--- Task input Enclosed Below ---

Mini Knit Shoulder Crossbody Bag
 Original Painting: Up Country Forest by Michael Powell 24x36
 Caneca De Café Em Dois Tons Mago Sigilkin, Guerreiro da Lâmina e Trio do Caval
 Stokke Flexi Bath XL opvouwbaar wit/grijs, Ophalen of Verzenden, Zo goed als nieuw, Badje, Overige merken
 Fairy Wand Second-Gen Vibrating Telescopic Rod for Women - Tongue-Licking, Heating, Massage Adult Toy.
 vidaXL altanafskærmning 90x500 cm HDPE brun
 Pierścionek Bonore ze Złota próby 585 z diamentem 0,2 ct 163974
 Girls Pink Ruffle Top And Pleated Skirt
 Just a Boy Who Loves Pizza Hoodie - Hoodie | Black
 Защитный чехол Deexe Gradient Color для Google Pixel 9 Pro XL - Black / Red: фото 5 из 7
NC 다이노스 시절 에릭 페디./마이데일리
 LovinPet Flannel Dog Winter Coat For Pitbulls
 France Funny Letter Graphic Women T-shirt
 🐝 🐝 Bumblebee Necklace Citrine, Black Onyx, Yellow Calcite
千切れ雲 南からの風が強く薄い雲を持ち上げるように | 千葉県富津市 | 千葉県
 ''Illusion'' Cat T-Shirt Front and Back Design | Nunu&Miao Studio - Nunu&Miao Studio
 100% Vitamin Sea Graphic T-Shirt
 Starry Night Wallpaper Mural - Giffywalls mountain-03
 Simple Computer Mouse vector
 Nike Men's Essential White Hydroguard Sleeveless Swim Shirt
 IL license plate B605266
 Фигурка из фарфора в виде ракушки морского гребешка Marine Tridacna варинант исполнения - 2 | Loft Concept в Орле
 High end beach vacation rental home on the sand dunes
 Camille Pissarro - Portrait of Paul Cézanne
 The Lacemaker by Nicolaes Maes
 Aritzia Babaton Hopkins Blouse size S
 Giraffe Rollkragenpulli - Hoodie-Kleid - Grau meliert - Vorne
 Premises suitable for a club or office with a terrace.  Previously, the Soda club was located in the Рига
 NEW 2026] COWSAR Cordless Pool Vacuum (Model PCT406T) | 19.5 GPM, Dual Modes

--- End of Enclosed Task input ---

Work order:
Output all records verbatim.

Expected answer:
Mini Knit Shoulder Crossbody Bag
 Original Painting: Up Country Forest by Michael Powell 24x36
 Caneca De Café Em Dois Tons Mago Sigilkin, Guerreiro da Lâmina e Trio do Caval
 Stokke Flexi Bath XL opvouwbaar wit/grijs, Ophalen of Verzenden, Zo goed als nieuw, Badje, Overige merken
 Fairy Wand Second-Gen Vibrating Telescopic Rod for Women - Tongue-Licking, Heating, Massage Adult Toy.
 vidaXL altanafskærmning 90x500 cm HDPE brun
 Pierścionek Bonore ze Złota próby 585 z diamentem 0,2 ct 163974
 Girls Pink Ruffle Top And Pleated Skirt
 Just a Boy Who Loves Pizza Hoodie - Hoodie | Black
 Защитный чехол Deexe Gradient Color для Google Pixel 9 Pro XL - Black / Red: фото 5 из 7
NC 다이노스 시절 에릭 페디./마이데일리
 LovinPet Flannel Dog Winter Coat For Pitbulls
 France Funny Letter Graphic Women T-shirt
 🐝 🐝 Bumblebee Necklace Citrine, Black Onyx, Yellow Calcite
千切れ雲 南からの風が強く薄い雲を持ち上げるように | 千葉県富津市 | 千葉県
 ''Illusion'' Cat T-Shirt Front and Back Design | Nunu&Miao Studio - Nunu&Miao Studio
 100% Vitamin Sea Graphic T-Shirt
 Starry Night Wallpaper Mural - Giffywalls mountain-03
 Simple Computer Mouse vector
 Nike Men's Essential White Hydroguard Sleeveless Swim Shirt
 IL license plate B605266
 Фигурка из фарфора в виде ракушки морского гребешка Marine Tridacna варинант исполнения - 2 | Loft Concept в Орле
 High end beach vacation rental home on the sand dunes
 Camille Pissarro - Portrait of Paul Cézanne
 The Lacemaker by Nicolaes Maes
 Aritzia Babaton Hopkins Blouse size S
 Giraffe Rollkragenpulli - Hoodie-Kleid - Grau meliert - Vorne
 Premises suitable for a club or office with a terrace.  Previously, the Soda club was located in the Рига
 NEW 2026] COWSAR Cordless Pool Vacuum (Model PCT406T) | 19.5 GPM, Dual Modes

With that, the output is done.